The Republican Party took a small step last Friday toward climbing out of the deep chasm it has dug for itself during the past eight to 10 years with the selection of Michael Steele as its next chairman. I know Mr. Steele to be a man of great character — hungry and with vision for the party. I know he will serve that institution well.

His task is certainly daunting, and fraught with distractions from well-intentioned but misguided and stale power players in the organization’s structure.

The status quo ante simply won’t work anymore. They know that. Michael Steele knows that. And yet, old habits die hard. Those remnants that have helped perpetuate a regional party of wandering, disenchanted white males is where Steele should aim his sights first. The temptation to revert to binary politics — tearing down the Democratic Party in hopes of boosting the Republican Party — will be strong, but they must resist.
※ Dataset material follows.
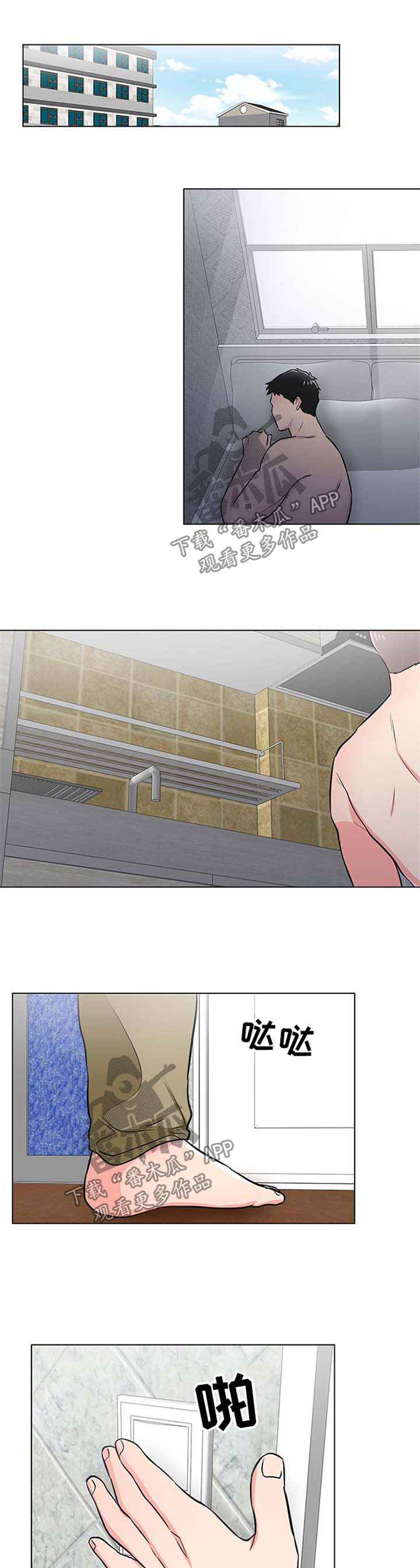 kiss漫画全集漫画,第33话 3310图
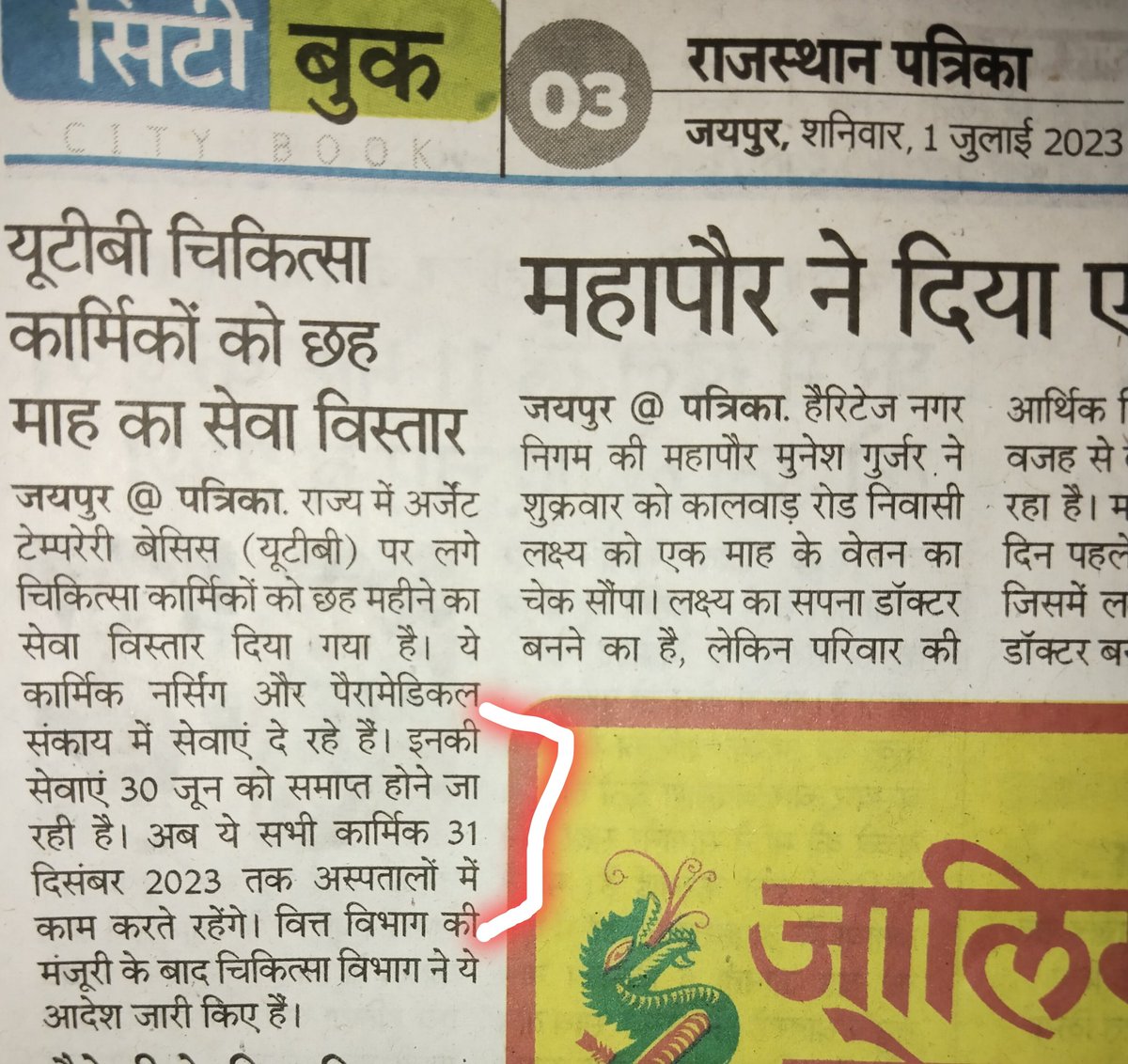 एक ओर मेडिकल विभाग में UTB चिकित्सकों का एक्सटेंशन समय से पूर्व लिया जा रहा है वहीं दूसरी ओर लंपी में दिन–रात एक कर,गौ–वंश के प्राण बचाने वाले UTB पर कार्यरत पशुपालन विभाग के पशुचिकित्सक 7 माह से बिना वेतन के शासन एवं निदेशालय के चक्कर काट रहे हैं।<a href="/ashokgehlot51/">Ashok Gehlot</a> <a href="/KatariaLalchand/">Lalchand Kataria</a>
For you see, the party is about more than any one individual. Even Ronald Reagan couldn’t rescue this group now; nor should we let him if he were still alive. You’ve heard me argue this point before. The GOP has lost its idea-generating capacity, and no one should be coronated with the notion that he or she is the sole originator of sound policy, sound vision or even sound ideas.

Equally so, it will take more than Michael Steele to resurrect the party and return it to its rightful place.

Steele knows that; he said as much on Friday. He must involve the state party apparatus and all the functions of the national party. He must be tactically stealth-like in his approach — picking fights where it suits their strengths, but presenting the voice of alternative views in an inclusive way in every forum.

The journey begins today for Steele’s GOP. Selecting him was a step in the right direction.